REQUIRED WORK: Please return each line of the listing exactly as given.

TASK INPUT:

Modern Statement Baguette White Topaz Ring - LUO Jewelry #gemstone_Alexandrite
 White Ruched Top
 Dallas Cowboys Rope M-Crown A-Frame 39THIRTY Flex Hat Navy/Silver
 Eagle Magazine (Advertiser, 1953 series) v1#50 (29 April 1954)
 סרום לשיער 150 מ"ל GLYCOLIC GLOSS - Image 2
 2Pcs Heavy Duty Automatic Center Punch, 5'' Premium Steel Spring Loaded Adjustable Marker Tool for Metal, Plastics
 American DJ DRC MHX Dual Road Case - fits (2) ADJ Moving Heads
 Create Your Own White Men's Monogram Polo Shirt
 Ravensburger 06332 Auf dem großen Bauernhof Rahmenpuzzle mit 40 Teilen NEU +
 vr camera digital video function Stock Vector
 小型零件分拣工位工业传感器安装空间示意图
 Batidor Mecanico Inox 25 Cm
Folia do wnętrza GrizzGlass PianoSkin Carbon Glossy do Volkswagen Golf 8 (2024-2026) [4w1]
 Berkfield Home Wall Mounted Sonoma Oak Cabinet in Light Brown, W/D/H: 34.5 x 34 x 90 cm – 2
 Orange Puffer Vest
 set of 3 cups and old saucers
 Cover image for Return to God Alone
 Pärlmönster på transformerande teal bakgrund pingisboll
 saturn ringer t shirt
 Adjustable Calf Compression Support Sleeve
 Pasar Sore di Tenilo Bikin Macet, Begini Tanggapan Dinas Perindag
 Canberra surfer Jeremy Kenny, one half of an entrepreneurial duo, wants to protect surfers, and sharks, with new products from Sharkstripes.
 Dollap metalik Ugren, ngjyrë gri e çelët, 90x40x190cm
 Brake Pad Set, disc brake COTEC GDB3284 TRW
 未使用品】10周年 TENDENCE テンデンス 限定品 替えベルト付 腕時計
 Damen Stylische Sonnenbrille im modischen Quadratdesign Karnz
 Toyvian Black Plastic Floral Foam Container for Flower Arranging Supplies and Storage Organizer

TASK SOLUTION:
Modern Statement Baguette White Topaz Ring - LUO Jewelry #gemstone_Alexandrite
 White Ruched Top
 Dallas Cowboys Rope M-Crown A-Frame 39THIRTY Flex Hat Navy/Silver
 Eagle Magazine (Advertiser, 1953 series) v1#50 (29 April 1954)
 סרום לשיער 150 מ"ל GLYCOLIC GLOSS - Image 2
 2Pcs Heavy Duty Automatic Center Punch, 5'' Premium Steel Spring Loaded Adjustable Marker Tool for Metal, Plastics
 American DJ DRC MHX Dual Road Case - fits (2) ADJ Moving Heads
 Create Your Own White Men's Monogram Polo Shirt
 Ravensburger 06332 Auf dem großen Bauernhof Rahmenpuzzle mit 40 Teilen NEU +
 vr camera digital video function Stock Vector
 小型零件分拣工位工业传感器安装空间示意图
 Batidor Mecanico Inox 25 Cm
Folia do wnętrza GrizzGlass PianoSkin Carbon Glossy do Volkswagen Golf 8 (2024-2026) [4w1]
 Berkfield Home Wall Mounted Sonoma Oak Cabinet in Light Brown, W/D/H: 34.5 x 34 x 90 cm – 2
 Orange Puffer Vest
 set of 3 cups and old saucers
 Cover image for Return to God Alone
 Pärlmönster på transformerande teal bakgrund pingisboll
 saturn ringer t shirt
 Adjustable Calf Compression Support Sleeve
 Pasar Sore di Tenilo Bikin Macet, Begini Tanggapan Dinas Perindag
 Canberra surfer Jeremy Kenny, one half of an entrepreneurial duo, wants to protect surfers, and sharks, with new products from Sharkstripes.
 Dollap metalik Ugren, ngjyrë gri e çelët, 90x40x190cm
 Brake Pad Set, disc brake COTEC GDB3284 TRW
 未使用品】10周年 TENDENCE テンデンス 限定品 替えベルト付 腕時計
 Damen Stylische Sonnenbrille im modischen Quadratdesign Karnz
 Toyvian Black Plastic Floral Foam Container for Flower Arranging Supplies and Storage Organizer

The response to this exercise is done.